Hear the World. The Globalization of Jazz (JAZZIZ)

JAZZIZ Magazine Editor’s Letter

“Jazz is known all over the world as an American musical art form and that’s it. No America, no jazz,” said drummer and bandleader Art Blakey. “I’ve seen people try to connect it to other countries, for instance to Africa, but it doesn’t have a damn thing to do with Africa.”
Blakey knew a thing or two about the music and educated several generations of musicians in his rolling graduate school the Jazz Messengers. He was, of course, right.
In the beginning, there was America.
From its origins in the mud of a complex, troubled, cultural mix to its essential tension between the needs of the music, the individual, and the group as a whole, jazz is a fundamental expression of the Great American Experiment. But jazz is no longer America’s exclusive domain. In fact, the most important development in jazz at the turn of the century is its globalization.
It’s been a long time coming. For starters, the economic, technological, and military success of the United States after World War II made it a cultural superpower. As a result, by the turn of the century, cultural goods created or claimed by the United States — be it rock ’n’ roll, basketball, jazz, or film — had become part of global culture. And so, over the past 50 years, Elvis Presley shook up Mexico City, James Brown put West Africa to dance, and Hollywood became everybody’s storyteller.

In jazz, musicians such as Kenny Clarke, Bud Powell, Ben Webster, and Dexter Gordon found such an avid, respectful audience in post-World War II Europe that they moved there.

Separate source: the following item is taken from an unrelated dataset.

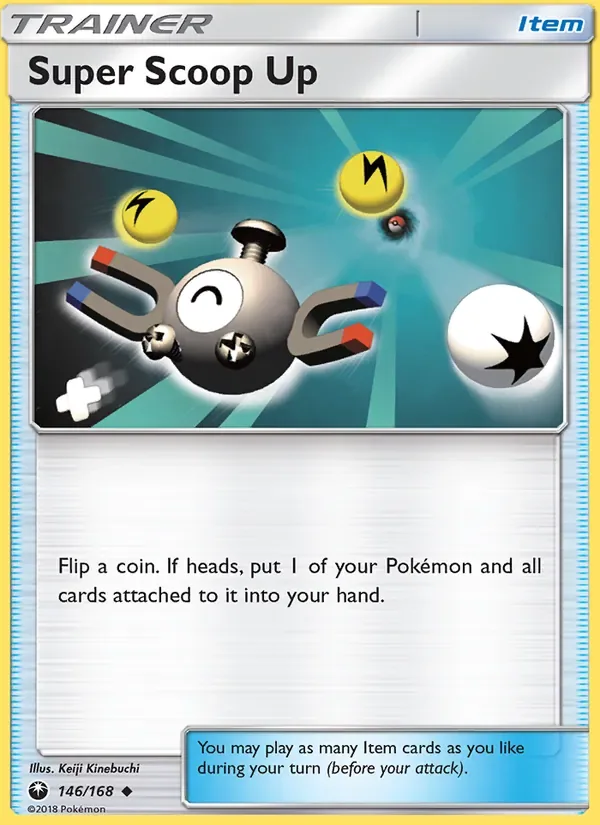 Super Scoop Up, Celestial Storm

In fact, around the world, people of disparate heritages embraced American culture and, in many instances, set out to recreate it in their own image.
As once happened with cars from Japan or electronics from Korea, developments such as Rock en Español, European jazz, and Latin American basketball were initially laughed off as inferior imitations of good ol´ American products. But now, Japanese cars are widely prized, Colombian rocker Juanes is a star, and Argentina is the reigning Olympic basketball champion.

In jazz there has always been a place for non-American players — a Django Reinhardt, an Abdullah Ibrahim, or a Gato Barbieri — but they have been the exceptions, and their contributions, by and large, considered little more than side trips or exotica. But what began as a one-way monologue and evolved into a hesitant, tentative dialogue has become, especially over the past 20 years, a many-sided conversation.
Non-American musicians still study and revere the great masters, but no longer aspire to imitate them. They are fluent in American jazz but have found the blues in their own cultures. They have their own notions of swing, standards, and improvisation. And they’ve found partners in serious, committed, adventurous jazz producers and record label owners such as Giovanni Bonnandrini, Manfred Eicher, Kurt Renker, François Zalacain, Siegfried Loch, Jean Jacques Pussiau, Fernando Trueba, and Leo Feigin — the kind of people, it’s worth noting, that corporate America couldn’t push out the door fast enough.
In this issue, we explore the globalization of jazz through some leading artists working here and abroad. They represent only the proverbial tip of the iceberg.

Blakey’s  “American musical art form” still mirrors the country that produced it, but if you listen closely you’ll hear the world.